He told Hume: “They had to do a Rolls Royce job on all of us to make up for the mess they made of the hacking investigation.’

“It was political’. They were making a statement, putting on a show. The Met publicised the arrests. They claimed they sent so many officers to make the searches quicker. But we are talking about alleged white collar crime with no threat of violence.

“In the biggest fraud cases involving the biggest houses, people who know say they would never send more than four officers. There were about 10 of them at my house."

Sullivan spent 14 months on police bail before being told that the charges were dropped: "The CPS said well, we haven’t had a file. After 14 months they didn’t even have a file on me."

So far at least 59 journalists have been arrested as a result of police investigations into phone and computer hacking and payments which are expected to have a combined cost of £40m.
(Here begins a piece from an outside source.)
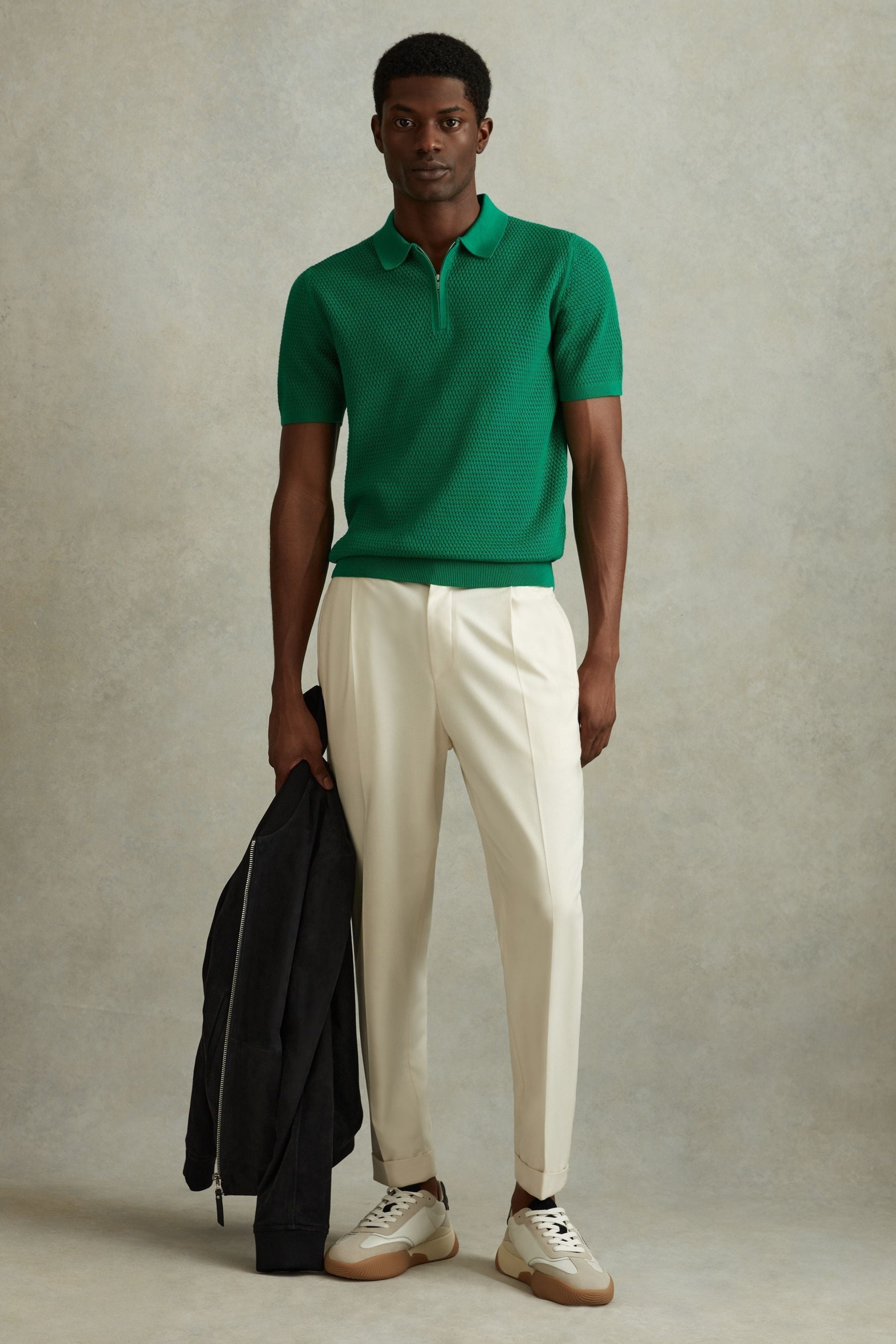 Shop Reiss Burnham - Bright Green Cotton Blend Textured Half Zip Polo Shirt, S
The extent to which police arrests of journalists in dawn raids have been largely fishing expeditions appears to be proven by the fact that 11 journalists, so far, have been cleared – in many cases after lengthy periods on police bail.

We will only really know whether this huge police investigation can be justified when the trials start later this year and the public interest defences of journalists are aired.

But in the meantime one has to wonder whether the punishments already meted out to arrested Sun journalists aren’t already heavier than their alleged crimes. That toll is eloquently spelled out in the letter read out by Deirdre Sanders from the wife of a Sun staffer to Rupert Murdoch.

One Sun staffer told Hume that arrests have also badly damaged UK tabloid journalism:

“It will never be the same again. The rumbustiousness, the publish-and-be-damned mentality, which was a great British thing, has gone now. That is a terrible shame, and Britain is a less free country for it."